The four Kazakh young guns are back in BC! Image courtesy of RussianClimb.
K2 Kazakh young guns: Silence due to dead batteries?
Posted: Aug 16, 2005 06:14 am EDT
It is now around 36 hours since the young Kazakh climbers left camp 4 (7700 m) for the summit of K2 (8611 m), and there has not yet been an update from them. A possible explanation just arrived ExWeb from Alma Ata. Apparently, before they headed out on their summit push, Maxut told the coach Ervand Iljinsky, that the battery in their phone was a bit low.
As they are the only ones left up high, it is possible that the team is silent simply because they can not communicate or send messages due to dead batteries. In that case, the boys might be coming back down to BC about this time. All of Alma Ata is praying for the climbers, and wished for this possible explanation to be known.
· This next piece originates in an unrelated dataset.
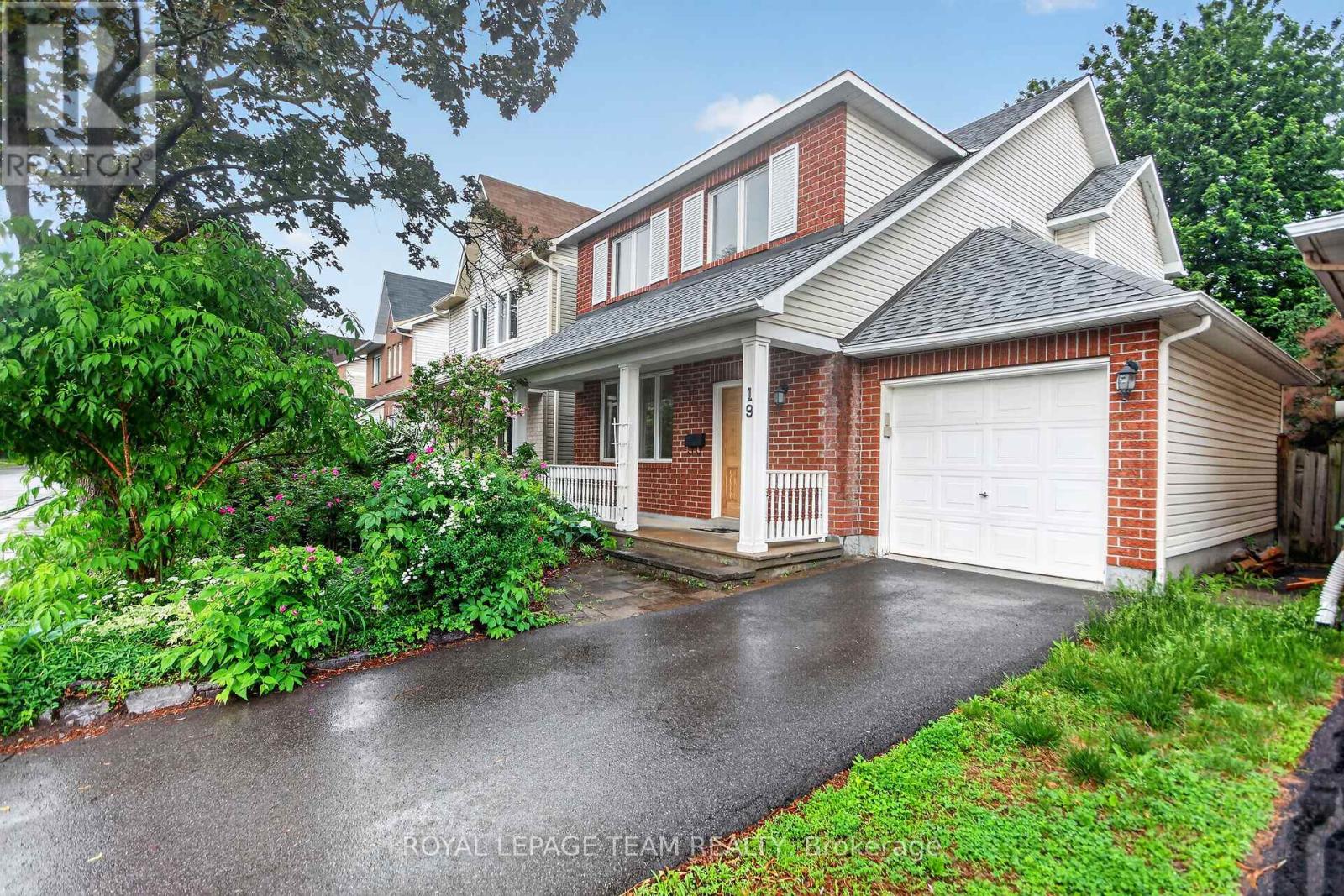 WINDHURST DRIVE - 19 WINDHURST DRIVE, Ottawa, Ontario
The Kazakh climbers left camp 4 Sunday midnight. Hungarian Eross Zsolt, who joined the summit push two hours after the others, turned back after ten hours climbing at 8200m due to atrocious weather conditions. Also both the Polish climbers Anna and Darek turned around due to very deep snow and high wind.
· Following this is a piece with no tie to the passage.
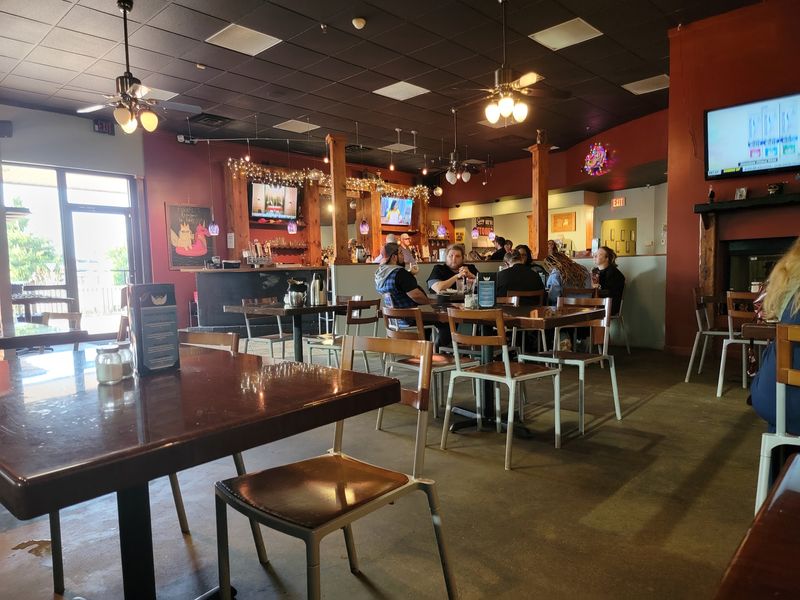 A Brunch Spot With Real Road Trip Energy A Brunch Spot With Real Road Trip Energy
The young guns continued up, trodding in snow that was up to their chests, facing winds over 100 km/h. They spent five hours to cover a very small distance, reported the Hungarians. The climbers are, in spite of their young age, very experienced: Leading the climb, and the Kazakh army team of 4 is Maxut Zhumayev: Not even 30 years old, Maxut has climbed eight 8000ers (including Kangchenjunga and Makalus West Pillar) - all of them without supplementary O2. Vassiliy Pivtsov is Maxut's regular climbing buddy with pretty much the same track record.
The two other Kazakhs are Damir Molgachev, who climbed Hidden Peak, G II, and Kangchenjunga between 2001 and 2002, and Serguey Brodsky who also did Kangchenjunga with the guys.
The Kazakh's are as usual coached by Ervand Iljinsky. The climbers are part of a national team of Kazakhstan climbers with the intent to summit all fourteen 8,000m peaks in time to commemorate the fifteenth anniversary of its independence from the Soviet Union, coming up in December 2006.